» **WORK TASK**:
Working from the records below, repeat exactly the lines starting at the line that contains "Elan - Collared V-neck Sweatshirt Top" and ending at the line that contains "新古典单人沙发椅鸟笼椅欧式实景简约雕刻装饰椅高背椅休闲椅实木", inclusive.

» **INFORMATION GIVEN**:
[Start of section]
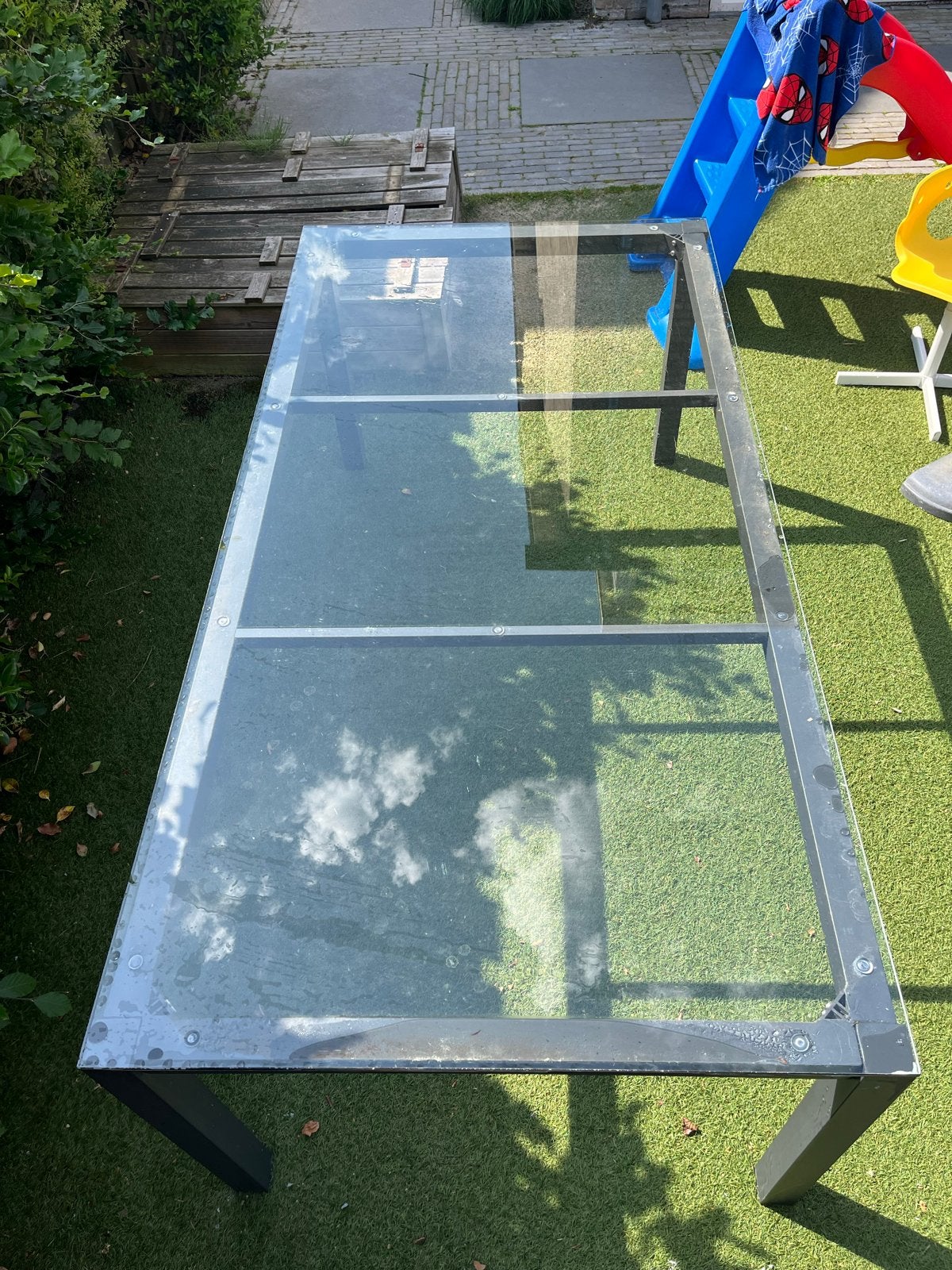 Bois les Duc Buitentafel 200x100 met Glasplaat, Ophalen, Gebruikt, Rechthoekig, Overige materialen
[End of section]
[Start of section]
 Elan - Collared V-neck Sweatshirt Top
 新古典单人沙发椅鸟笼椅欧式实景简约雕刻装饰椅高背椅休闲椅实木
[End of section]
» **TASK RESPONSE**:
 Elan - Collared V-neck Sweatshirt Top
 新古典单人沙发椅鸟笼椅欧式实景简约雕刻装饰椅高背椅休闲椅实木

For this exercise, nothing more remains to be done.